(Information supplied begins)

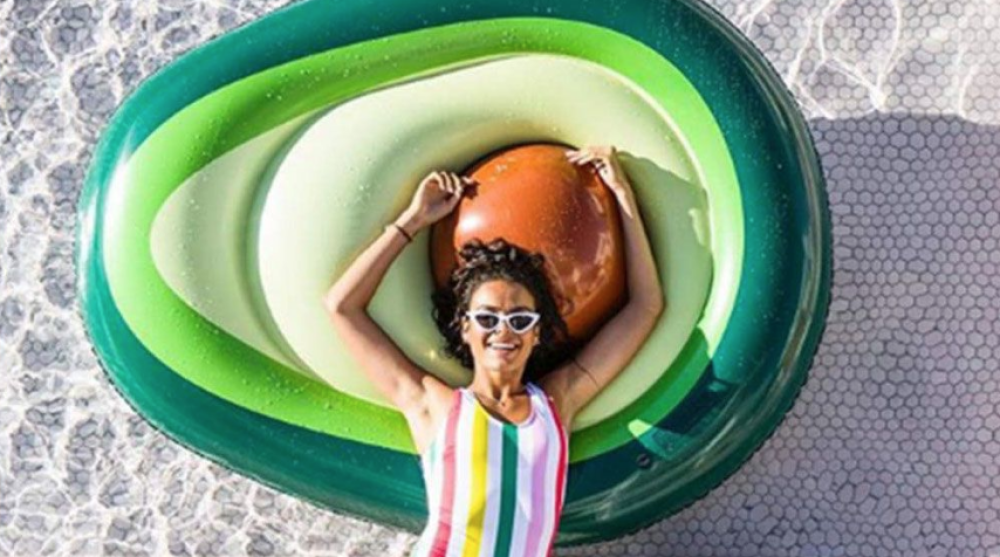 Sarà forse per questo nuovo trend che l’azienda LetsFunny ha pensato di creare un materassino con questa originale forma, l’ideale per il relax al 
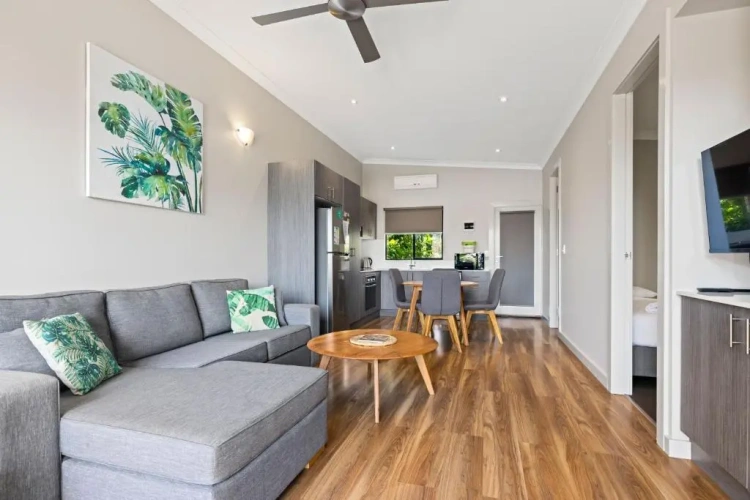 2 Bedrooms Apartment with mountain view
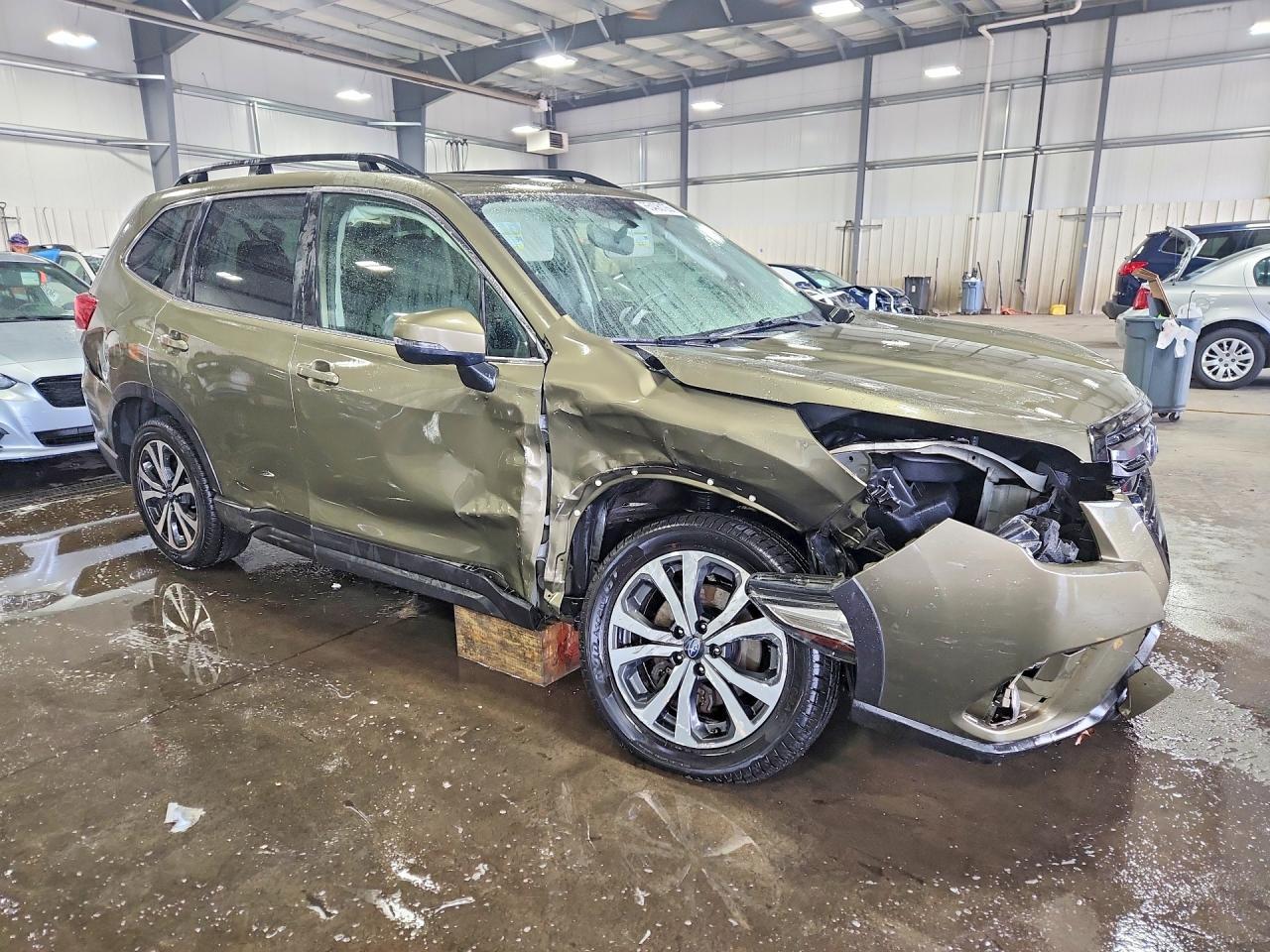 2022 Subaru Forester Limited - Фото 4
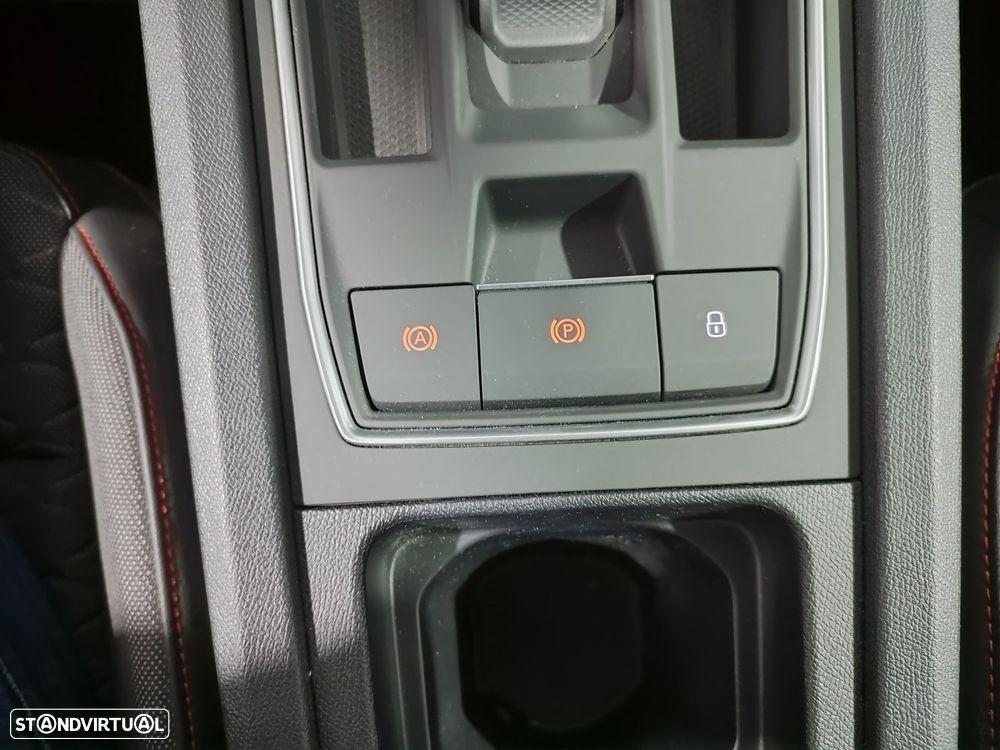 SEAT Leon 1.4 e-Hybrid FR DSG - 35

(Information supplied ends)

**What you are asked to do:** Lines from the one with "2 Bedrooms Apartment with mountain view" through the final line of the listing above: copy them exactly, both ends included, and omit every picture.

**Answer to this exercise:**
 2 Bedrooms Apartment with mountain view
 2022 Subaru Forester Limited - Фото 4
 SEAT Leon 1.4 e-Hybrid FR DSG - 35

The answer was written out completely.